### Your task
Copy the entries exactly. Leave out any pictures.

### Listed entries

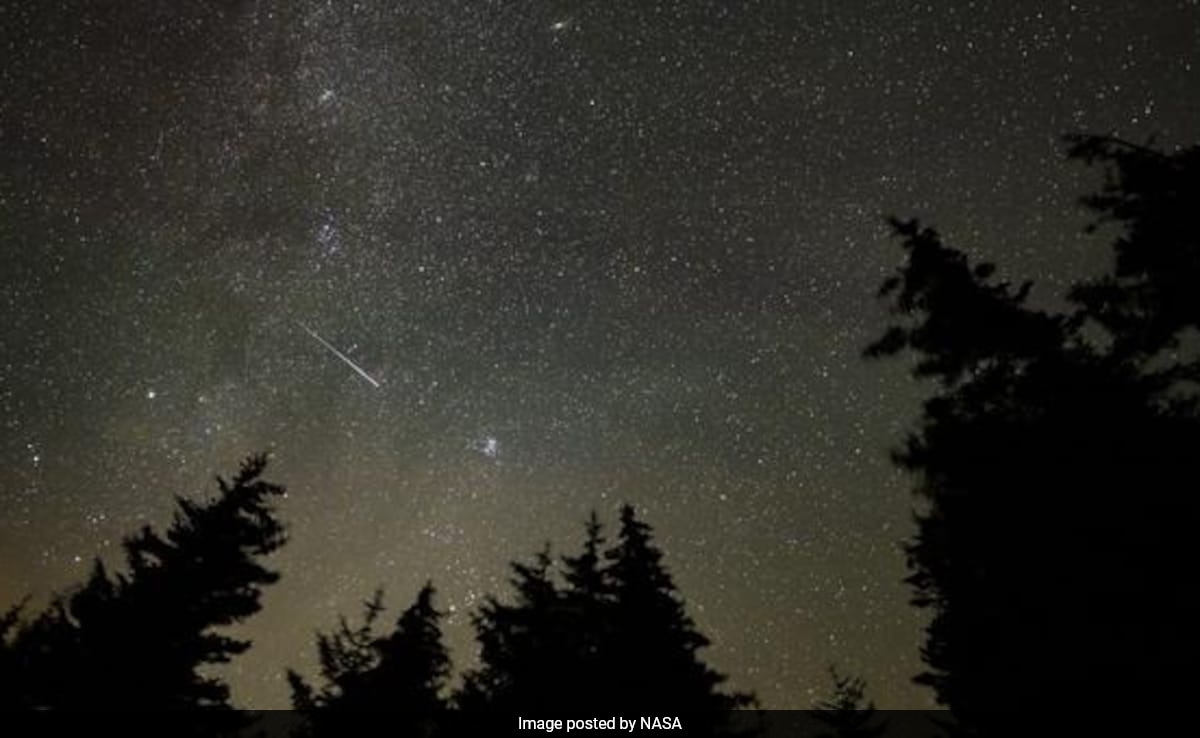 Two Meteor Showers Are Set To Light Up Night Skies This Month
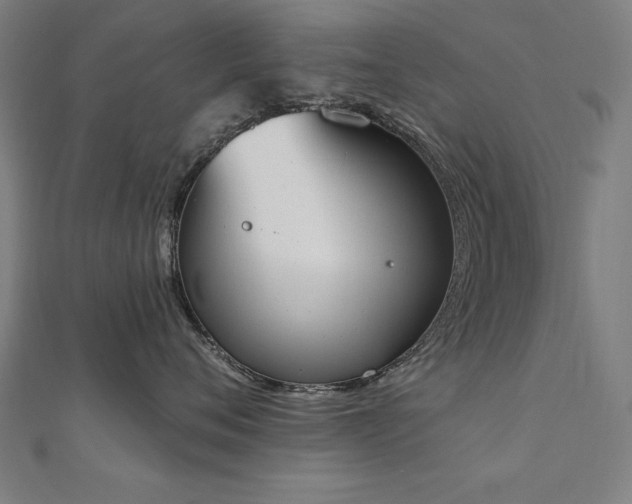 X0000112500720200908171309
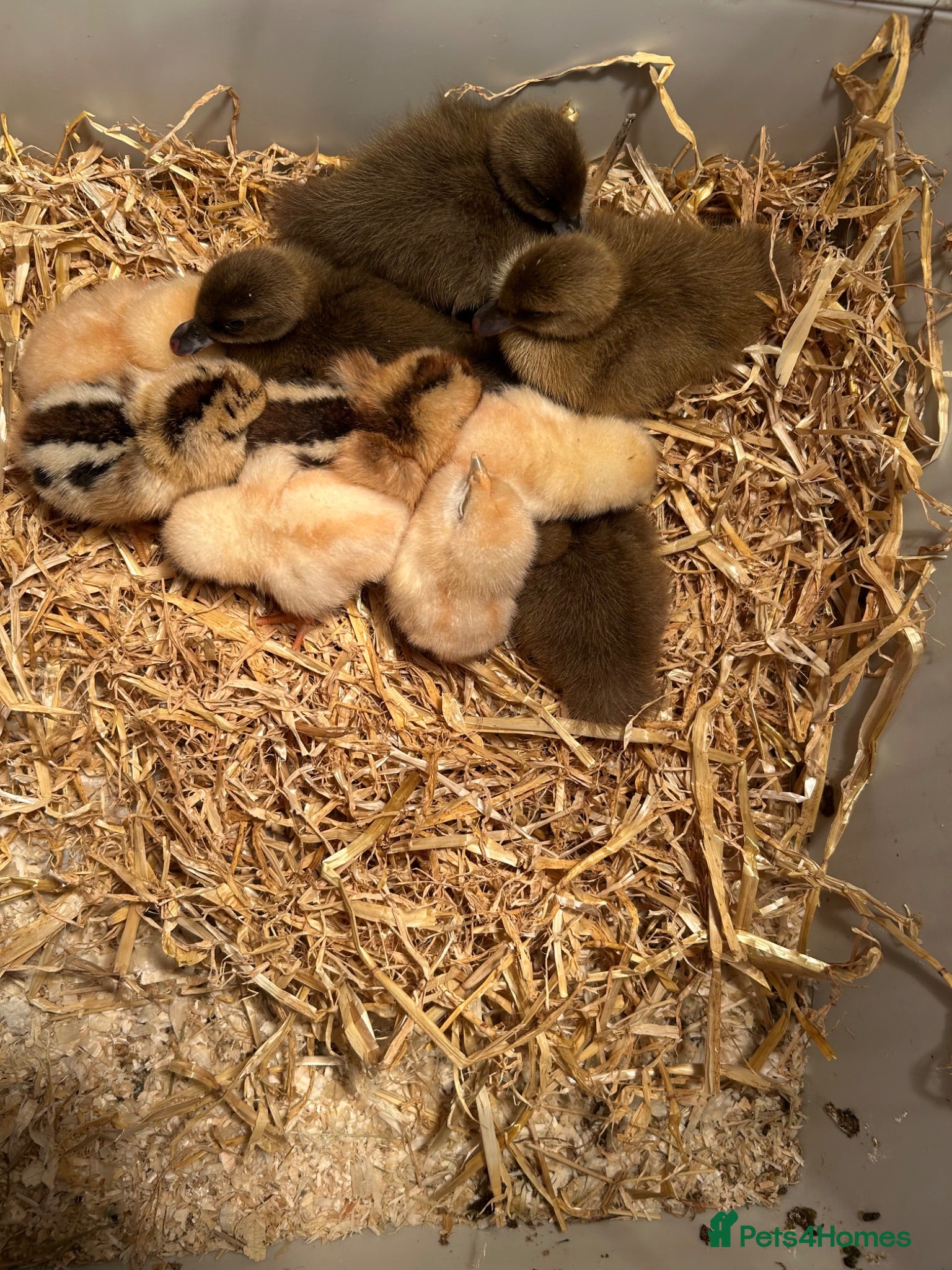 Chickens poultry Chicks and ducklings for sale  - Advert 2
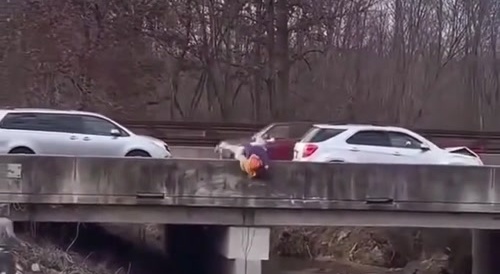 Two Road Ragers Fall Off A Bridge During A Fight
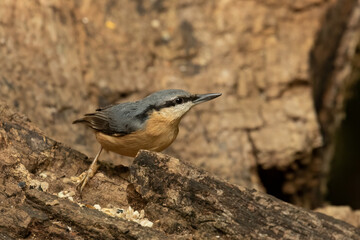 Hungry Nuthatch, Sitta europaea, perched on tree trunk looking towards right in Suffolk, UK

### Expected answer
 Two Meteor Showers Are Set To Light Up Night Skies This Month
 X0000112500720200908171309
 Chickens poultry Chicks and ducklings for sale  - Advert 2
 Two Road Ragers Fall Off A Bridge During A Fight
 Hungry Nuthatch, Sitta europaea, perched on tree trunk looking towards right in Suffolk, UK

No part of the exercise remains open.